Competitiveness Council weighs MKIKʼs proposals
(Photo: MTI/Zsolt Szigetváry)
The National Competitiveness Council discussed proposals on strengthening competitiveness and improving foreign language instruction at a meeting on Tuesday, Minister of Finance Mihály Varga, who also sits on the Council, said at a press conference.
Minister of Finance Mihály Varga, pictured at an earlier press briefing (photo: MTI/Zsolt Szigetváry).
The proposals were made by the Hungarian Chamber of Commerce and Industry (MKIK), Varga was cited as saying by state news agency MTI. The Council will discuss two more proposals by the Ministry for Innovation and Technology and the National Bank of Hungary (MNB), before consolidating them in its own recommendation to be submitted to the government after July 10, he added.

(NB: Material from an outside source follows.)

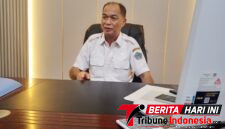 Plt. Kepala Bapenda Kota Bitung, Theo Rorong, S.E., di ruang kerjanya. (Ft. talia)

MKIK Chairman László Parragh, another member of the Council, said the chamberʼs experts had drawn up the proposals at the request of Prime Minister Viktor Orbán. The proposals are based on a survey of about 1,600 businesses and include the observations of Hungaryʼs professional chambers, he added.
Disciplined and well thought-out economic policy, well-functioning economic subsystems, the efficient development of the state, tight fiscal policy, a shrinking tax wedge, improved productivity, trained labor, and constant adaptation to a changing global economy are all necessary for achieving sustainable growth, Parragh observed.
The chairman added that Hungaryʼs system for non-wage compensation needs simplifying as it contains almost a dozen elements, responding to a question about a government proposal to limit such compensation to the SZÉP voucher cards. The varying caps on non-wage compensation in the public and private sectors, as well as the fact that small companies hardly use such compensation, creates a competitive disadvantage, he noted.
The governmentʼs aim with the proposal is to maintain the level of non-wage compensation on which employers enjoy tax preferences and to prevent any increase in the burden for employees, Varga said.
The National Competitiveness Council, which held its inaugural meeting in spring of last year, is comprised of business leaders and experts and was established to make recommendations to the government to improve Hungaryʼs competitiveness.